What do the world's leading experts on climate science have to say about the controversies surrounding global warming? And what are they doing personally to help combat climate change and go green?

The Financial Times decided to find out. They've assembled a list of the top 10 climate scientists in the world, sat each of them down for an interview, and let the sparks fly.

The A-team list included scientists with particular expertise in a variety of fields related to climate change, such as oceanography, climate modeling, energy, Earth science, hurricanes and extreme weather, and atmospheric science.

Furthermore, the criteria for inclusion on the list was original research, influence on peers and 'sound' judgment — which basically narrows the list down to experts whose arguments are backed up by peer-reviewed research. Although The Financial Times found that no global warming 'deniers' qualified for the top 10, they decided to include one skeptic, Richard Lindzen, for the sake of prudence.

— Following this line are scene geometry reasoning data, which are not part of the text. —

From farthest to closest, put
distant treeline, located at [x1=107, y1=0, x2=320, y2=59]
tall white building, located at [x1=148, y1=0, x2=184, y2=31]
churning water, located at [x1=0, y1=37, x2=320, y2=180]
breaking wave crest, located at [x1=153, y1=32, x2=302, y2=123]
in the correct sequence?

Overwhelmingly, the interviews revealed that much of what the public misconstrues as controversy about the reality of global warming is actually debate among the experts about the details of climate change. In other words, there is comprehensive agreement that global warming is happening and that humans shoulder much of the blame, but there is widespread disagreement about what climate change's ultimate consequences will be.

For instance, one of the interviewed, Stefan Rahmstorf, head of Earth System Analysis at Potsdam Institute for Climate Impact Research, argues that sea level rise as a result of global warming could happen 50 percent faster (1.8mm per year) than IPCC models had predicted it would (1.2mm).

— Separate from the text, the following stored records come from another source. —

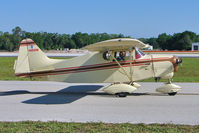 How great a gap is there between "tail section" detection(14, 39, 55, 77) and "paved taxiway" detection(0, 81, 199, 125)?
1050 mm

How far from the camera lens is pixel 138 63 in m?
10.2

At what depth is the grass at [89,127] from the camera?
5.46m

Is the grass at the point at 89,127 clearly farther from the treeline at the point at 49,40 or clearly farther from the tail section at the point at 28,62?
the treeline at the point at 49,40

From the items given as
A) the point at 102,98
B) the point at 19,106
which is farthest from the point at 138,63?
the point at 19,106

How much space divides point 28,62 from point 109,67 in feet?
11.7

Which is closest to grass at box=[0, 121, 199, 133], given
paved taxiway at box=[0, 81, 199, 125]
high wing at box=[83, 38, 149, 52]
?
paved taxiway at box=[0, 81, 199, 125]

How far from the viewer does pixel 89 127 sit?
5.73 m

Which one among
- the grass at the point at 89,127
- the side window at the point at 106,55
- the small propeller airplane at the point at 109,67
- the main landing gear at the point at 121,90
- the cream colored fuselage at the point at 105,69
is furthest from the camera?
the side window at the point at 106,55

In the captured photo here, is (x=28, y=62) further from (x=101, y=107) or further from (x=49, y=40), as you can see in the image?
(x=49, y=40)

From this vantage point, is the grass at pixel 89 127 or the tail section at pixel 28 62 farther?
the tail section at pixel 28 62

Tim Lenton, professor of Earth Systems Science at University of East Anglia, disagrees with the apocalyptic cynicism that some climate scientists have concerning the speed with which ecological changes can be expected to take place. While he acknowledges that changes are on the way, he has "agreed to disagree about the level of hope we should have for the future."

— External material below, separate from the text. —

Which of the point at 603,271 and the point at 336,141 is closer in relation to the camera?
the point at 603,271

There was also a lot of disagreement expressed over the accuracy of current computer-generated climate models, and also about how close the Earth's climate is to a metaphorical 'tipping point' — a point when catastrophic warming is inevitable no matter how diligently human-produced carbon emissions are lessened.

But perhaps the most telling part of the interviews came when each of the experts were asked about what they were doing — personally — to lower their carbon footprints.

Susan Solomon, senior scientist at the National Oceanic and Atmospheric Administration or NOAA, says she tries to eat vegetarian twice a week, cycles, and drives a Prius. Chris Rapley, director of the Science Museum, says he wanders around the museum switching off lights. Isaac Held, senior research scientist, also at NOAA, claims that he and his wife have set up a local farmers market.

And in sure-fire, contrarian fashion, global warming skeptic Lindzen of MIT contends that he probably uses less energy than "the climate change activists in Washington with their Mercedes."

"We all have to ’fess up to the fact that we’re deeply hypocritical and contradictory beings," admitted Tim Lenton. Indeed, as complicated as working through the details of climate science can be, the personal fortitude to genuinely go green might be these scientists' biggest challenge.